MarketNews.id-Akhir perdagangan pekan ini, IDXFINAN pimpin penguatan sektoral dengan kenaikan 2,34 persen dan jadi pendorong utama IHSG. Sementara Reli BBCA, BBRI dan BMRI menjadi motor penguat sektor keuangan berkat merket cap yang besar. Sedangkan IDX BASIC, IDXINDUST, IDXTECHNO Dan IDXENERGU ditutup melemah.
Indeks sektor keuangan (IDXFINANCE), memimpin penguatan sektoral pada perdagangan Bursa Efek Indonesia (BEI), Jumat 17 Juli 2026 setelah melonjak 2,34 persen.

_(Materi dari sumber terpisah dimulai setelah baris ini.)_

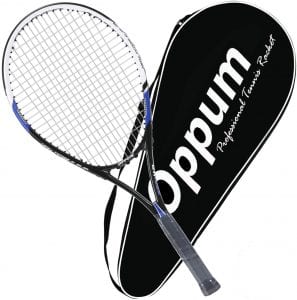 OPPUM Adult One-Piece Tennis Racket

Kenaikan ini didukung oleh reli sejumlah saham big banks dan sekaligus mendorong Indeks Harga Saham Gabungan ( IHSG ) ditutup menguat 1,1% ke level 6.175.
Penguatan indeks sektor keuangan (IDXFINANCE) didukung dominasi 63 saham yang menguat, sedangkan 13 saham melemah dan ada 23 saham tidak mengalami perubahan harga.
Selain ditopang penguatan saham di sektor keuangan, indeks tersebut juga memperoleh kontribusi besar dari kenaikan sejumlah saham perbankan berkapitalisasi pasar terbesar (big banks) di BEI.
Saham BBCA terpantau melonjak 4,02 persen ke level 6.475 dengan kapitalisasi pasar mencapai Rp790 triliun, sekaligus mempertahankan posisi sebagai emiten dengan market cap terbesar di BEI.
Saham BBRI tercatat melompat 3,85 persen ke posisi 2.970 dengan market cap Rp445 triliun, sedangkan BMRI meningkat 3,94 persen ke level 4.480 dengan market cap Rp413 triliun.
Besarnya kapitalisasi pasar ketiga emiten tersebut membuat kenaikan harga sahamnya memberikan kontribusi signifikan terhadap penguatan indeks sektor keuangan (IDXFINANCE), sekaligus menopang laju IHSG dalam melanjutkan pola bullish.
Secara persentase, saham sektor keuangan dengan kenaikan tertinggi pada perdagangan hari ini dibukukan BACA (+17,5%) dan BBYB (12%).
Di luar sektor keuangan, indeks sektor barang konsumsi primer (IDXCYCLIC) menguat 0,8 persen, dengan kenaikan tertinggi pada saham ECII (+18%) dan KLIN (+9,4%). Indeks sektor kesehatan (IDXHEALTH) juga ditutup di zona hijau setelah naik 0,67 persen, terutama terkatrol RSCH (+6,2%) dan KLBF (+5,6%).
Selanjutnya, indeks sektor properti (IDXPROPERT) meningkat 0,38 persen, dengan kenaikan tertinggi pada saham RBMS (+8,7%) dan TARA (+6,7%).
Indeks sektor barang konsumsi non-primer (IDXNONCYC) meningkat 0,27 persen, khususnya didukung dua saham yang mengalami auto-rejection atas (ARA), yakni AGAR (+25%) atau NANO (+10%).
Indeks sektor infrastruktur (IDXINFRA) turut ditutup di teritori positif dengan kenaikan 0,26 persen, terutama ditopang kenaikan KOKA (+27,5%) dan KBLV (+26,9%).
Sementara itu, indeks sektor transportasi dan logistik (IDXTRANS) menguat 0,16 persen, dengan kenaikan tertinggi pada saham MIRA (+10%) atau ARA dan BPTR (+8,8%).
Di sisi lain, hanya empat sektor yang ditutup di zona merah. Indeks sektor energi (IDXENERGY) terkoreksi 0,11 persen, dengan penurunan paling dalam pada saham AIMS (-14,4%) dan RMKE (-10,5%).
Indeks sektor teknologi (IDXTECHNO) turun 0,25 persen, dengan koreksi paling dalam pada CASH (-7,2%) dan WGSH (-4,7%).
Tekanan lebih besar terjadi pada indeks sektor perindustrian (IDXINDUST) yang merosot 0,45 persen, dengan penurunan paling dalam pada CTTH (-8,8%) dan FOLK (-6%).
Adapun pelemahan terdalam di antara 11 indeks sektoral dibukukan indeks sektor barang baku (IDXBASIC) yang di tutup melorot 0,5 persen, dengan koreksi paling tajam pada saham NICE (-8,8%) dan IFSH (-8,1%).